Earthquake Commission (EQC) specialists revisited the properties yesterday and discovered there had been more minor movements during the past three weeks.
An EQC spokesman said a total of eight claims had been lodged due to the slip, including from the six properties on which the Dunedin City Council has placed dangerous building notices.
Because of the movement, the specialists determined further monitoring of at least two weeks was required, the spokesman said. Further geotechnical work and inspection were likely after the two weeks. As the work might involve machinery and soil sampling, land stability needed checking.
The council and affected residents had been given new information which would be updated next week.

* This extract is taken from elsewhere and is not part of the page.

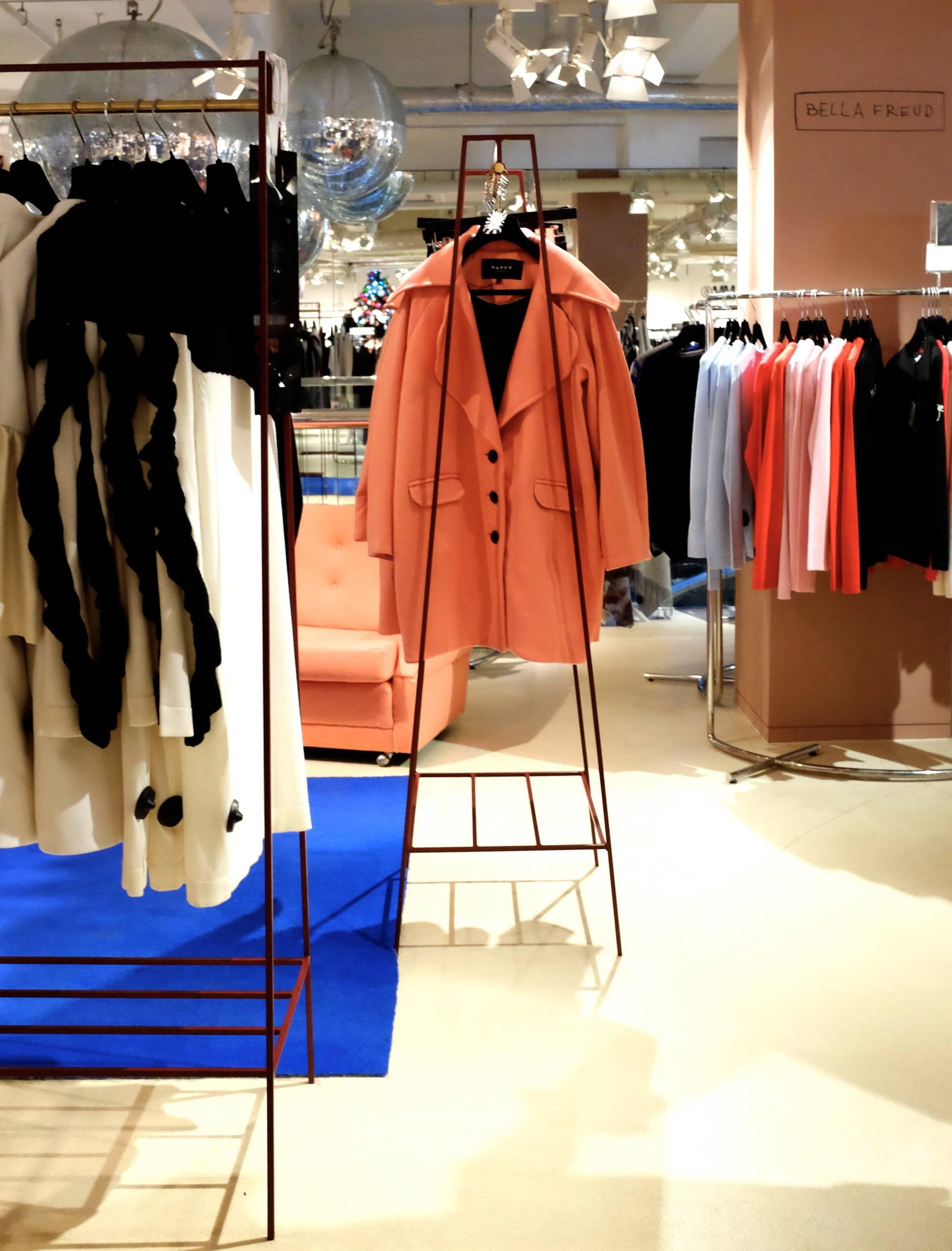 Blue ‘A' Clothes Rail with a Brass Pole Luxury Clothes Hanger For Sale 1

EQC technical claim manager Bradley Dahlenburg said the commission’s role was to assess the damage caused to the properties and settle owners’ claims.
It was up to the council to assess, based on information provided by EQC and others, the safety of the properties, Mr Dahlenburg said.
Once that process had finished and the appropriate repair strategies or settlement options had been determined, it was the responsibility of the property owner to decide how to proceed, he said.Everyone was working as quickly and efficiently as possible but the process would likely take some time.
Council building solutions manager Paul Henderson said staff would talk with those affected residents to make sure they had all the information they needed.
The dangerous building notices would remain in place until more information was available, Mr Henderson said.